Under Section 62 of the MES Act, M.C.L. 421.62, the Unemployment Insurance Agency (UIA) is entitled to recover improperly-paid benefits. Under Section 54(b) of the MES Act, M.C.L. 421.54(b), the UIA may impose penalties on a person who makes a false statement or representation knowing it to be false, or knowingly and willfully with intent to defraud fails to disclose a material fact, to obtain or increase a benefits payment. Penalties are double the amount of restitution if restitution is less than $500.00, and quadruple the amount of restitution if restitution is $500.00 or more. What does this mean? It means that if you were overpaid benefits in the amount $1,000.00, the UIA may be coming after you for another $4,000.00 in fraud penalties plus interest!
Bankruptcy as a Solution
If the UIA is pursuing you for thousands of dollars, chances are you don’t have the money and you are already struggling with debt because you were unemployed. Understandably, the solution that most people reach for is bankruptcy. Chapter 7
, the bankruptcy that allows you to wipe out your debts with no repayment, is the way go, right? It is an option, but it may not be the best option. Understanding what can be done under Chapter 7 and under Chapter 13 is crucial for deciding how you should resolve overpayment of unemployment benefits.
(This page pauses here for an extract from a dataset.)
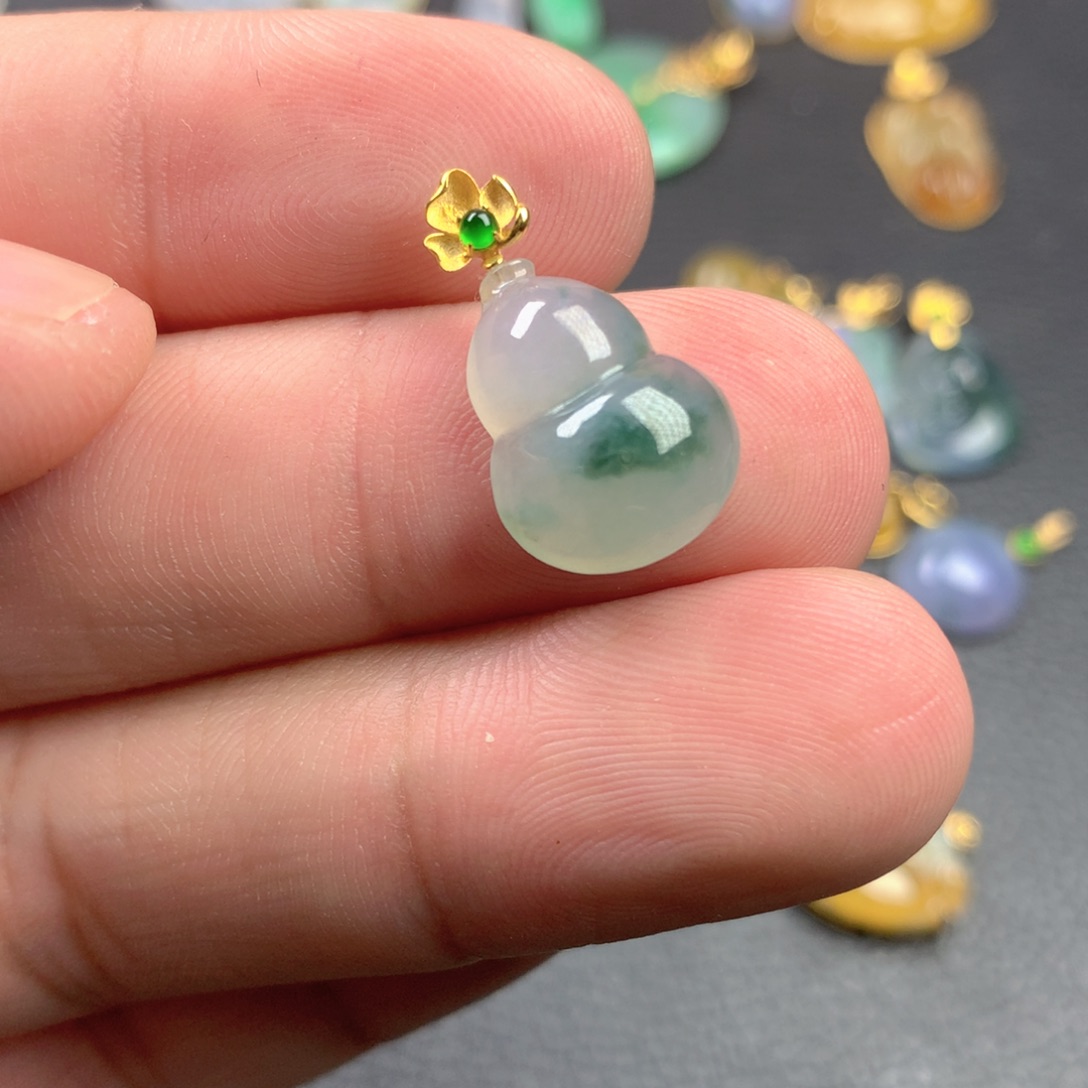 【闪购商品】颈饰18K金镶嵌翡翠翡翠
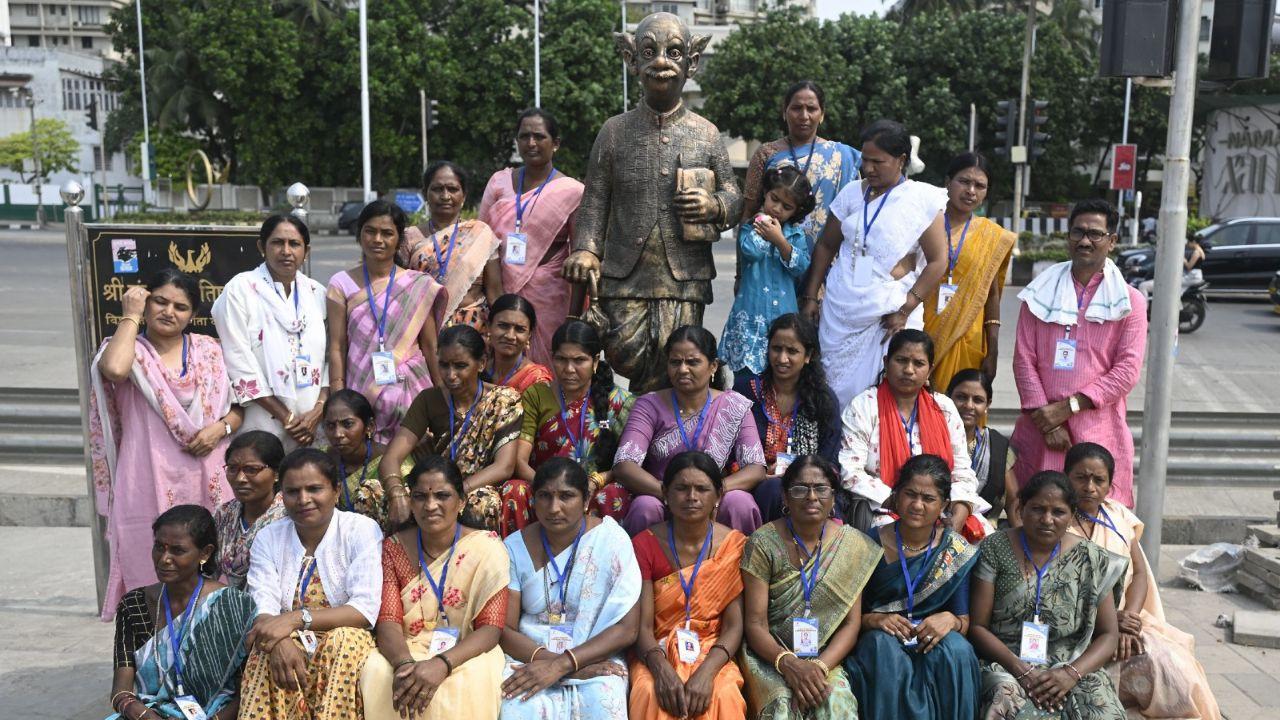  Jeevachi Mumbai – A journey of joy to 30 widows of farmer suicide victims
Section 523 of the Bankruptcy Code provides a list of debts that are not subject to a bankruptcy discharge. All of the §523 exceptions to discharge apply in a Chapter 7. Most, but not all, of the §523 exceptions to discharge apply in a Chapter 13. Generally, debt associated with the overpayment of unemployment benefits can survive a bankruptcy discharge as: (1) debt incurred by fraud and (2) penalties payable to and for the benefit of a governmental unit that is not compensation for an actual pecuniary loss.
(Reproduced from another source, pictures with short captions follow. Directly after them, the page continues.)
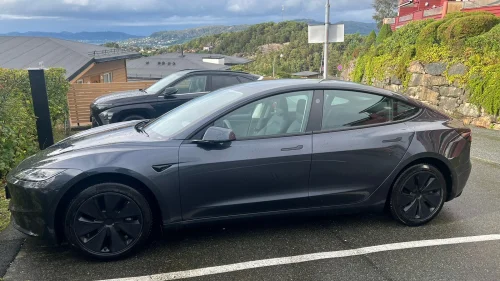 TESLA Model 3 Long Range AWD / S+V / Krok / Allværsmatter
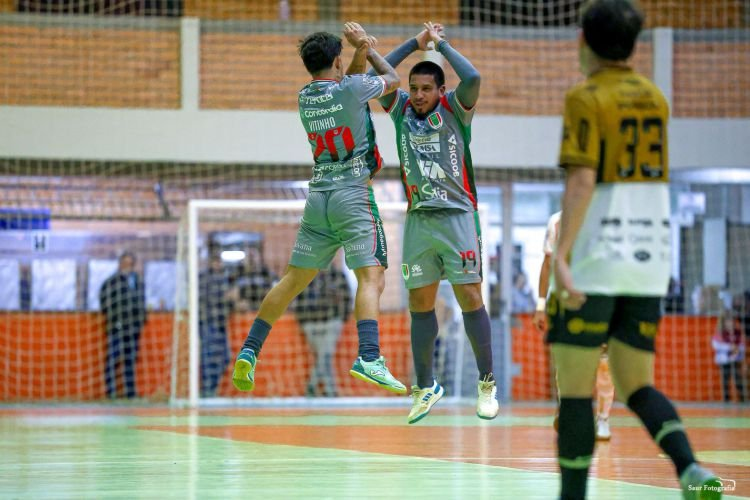 ACF vence Criciúma de virada e assume a quarta colocação na Série Ouro 3 07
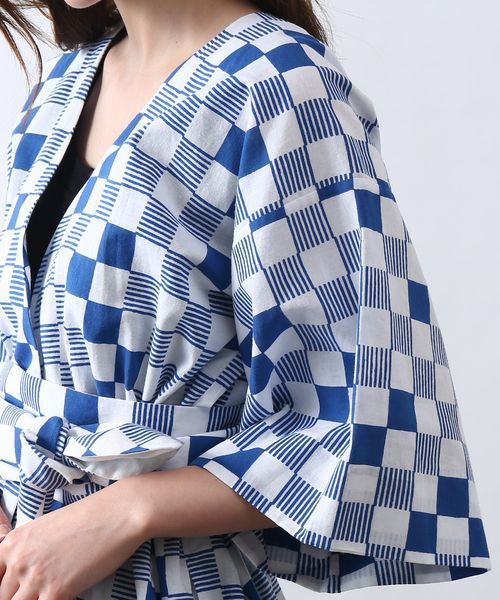 SALON adam et rope'(サロン アダム エ ロペ)の「【戸田屋商店 for SALON】市松柄ガウン【梨園染】(カーディガン/ボレロ・レディース・ホワイト×ブルー・FREE)」の6枚目の写真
Fraud Exception to Discharge
Under §523(a)(2)(A), a debt is nondischargeable if the debt is for money obtained by false pretenses, a false representation, or actual fraud. Section 1328 of the Bankruptcy Code governs what debts are discharged by a Chapter 13. Section 1328 incorporates 523(a)(2)(A), so the fraud exception to discharge applies in Chapter 7 and Chapter 13. Allegations of fraud typically relate to the actual benefits that were overpaid and the associated interest. What is important to know is that if fraud is established, the debt will survive both a Chapter 7 and a Chapter 13 discharge.
To establish fraud and make the debt nondischargeable, the UIA must file an adversary proceeding. If the UIA makes a determination of fraud prior to a bankruptcy filing, the chances of them filing an adversary proceeding are very high.
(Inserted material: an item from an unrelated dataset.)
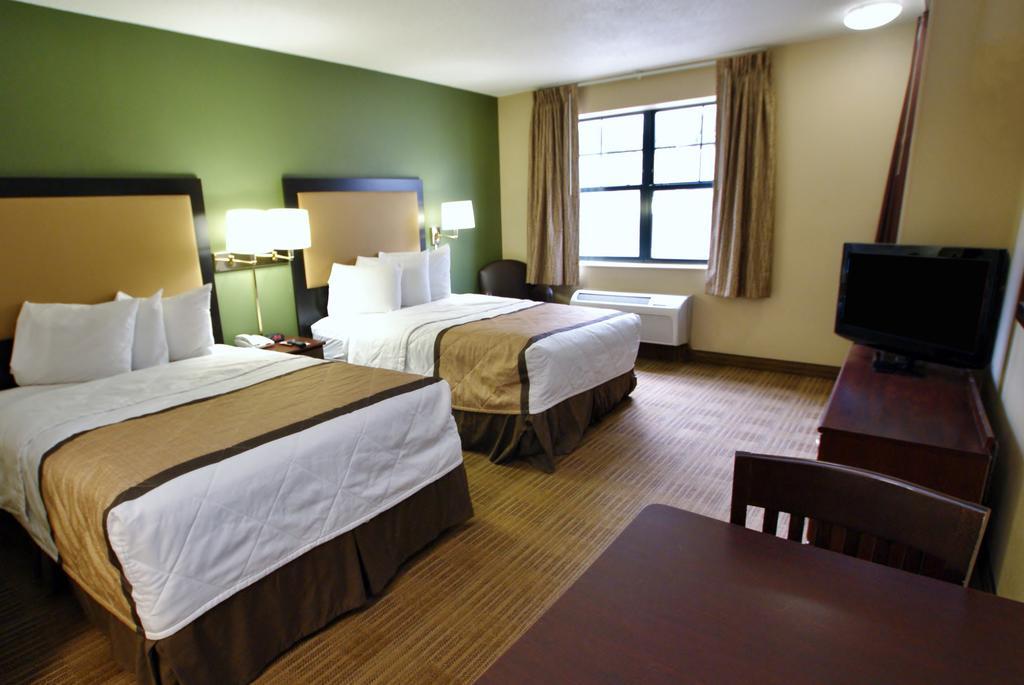 Hotel Extended America - - Missouri River
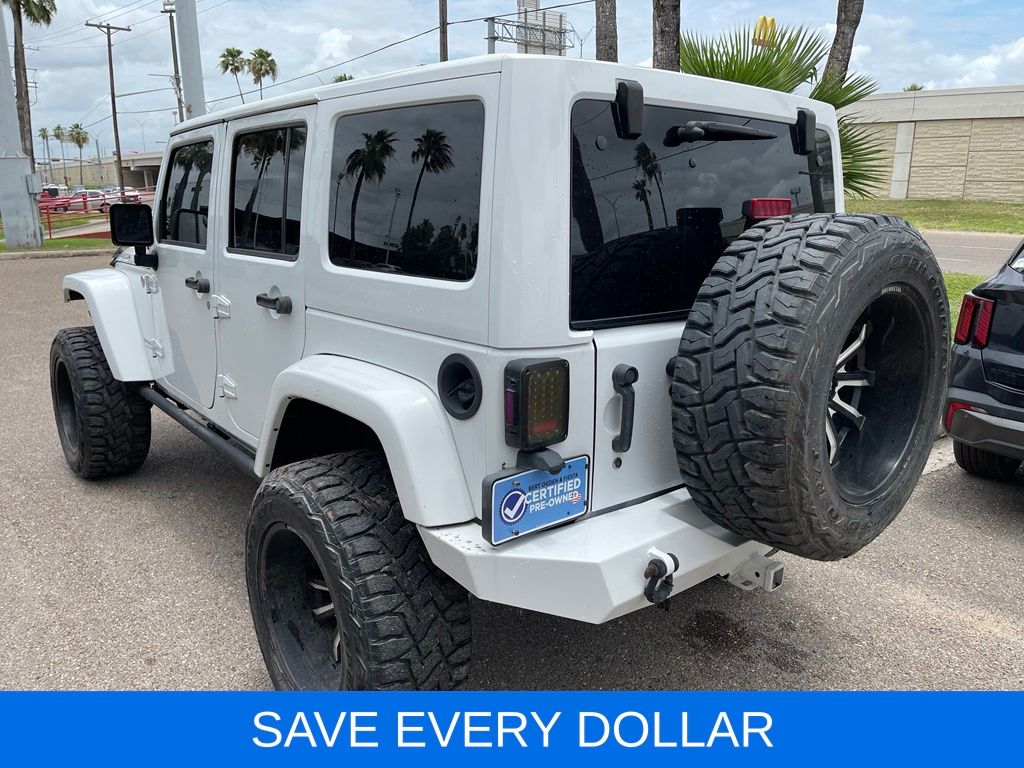 Used 2016 White/off-white Jeep Unlimited Rubicon image 4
If you file Chapter 7 and the UIA files an adversary proceeding seeking to establish fraud, you have the opportunity to litigate the issue. Just because an overpayment was made does not mean there is automatically fraud. Consulting with an experienced bankruptcy attorney to discuss the facts of the overpayment will give you a better idea of whether you can prevail on this type of issue. However, even if the facts are on your side, litigating this type of issue may be beyond your means. It is no surprise that people filing Chapter 7 often fail to defend against adversary proceedings. It can be expensive and Chapter 7 debtors usually don’t have the funds to pay an attorney to represent them.
Chapter 13 is often a much better route for people facing allegations of fraud in a nondischargeability action. In Chapter 13 it is possible negotiate the amount of the restitution and interest that will be paid back. Attorneys are also much more inclined to represent their Chapter 13 clients in an UIA adversary proceeding without being paid upfront because their fees can be paid through the Chapter 13 plan payments.
Statutory Penalties as an Exception to Discharge
The statutory penalties assessed by the UIA fall under §523(a)(7) because they are, “a fine, penalty, or forfeiture payable to and for the benefit of a governmental unit, and is not compensation for actual pecuniary loss.” What is interesting is that §1328 does not include the §523(a)(7) exception to discharge. This means that the statutory penalties (the debt that can be four times the amount of restitution) survive a Chapter 7 discharge, but are eliminated by a Chapter 13 discharge. In my opinion, this makes Chapter 13 the best option when statutory penalties have been assessed.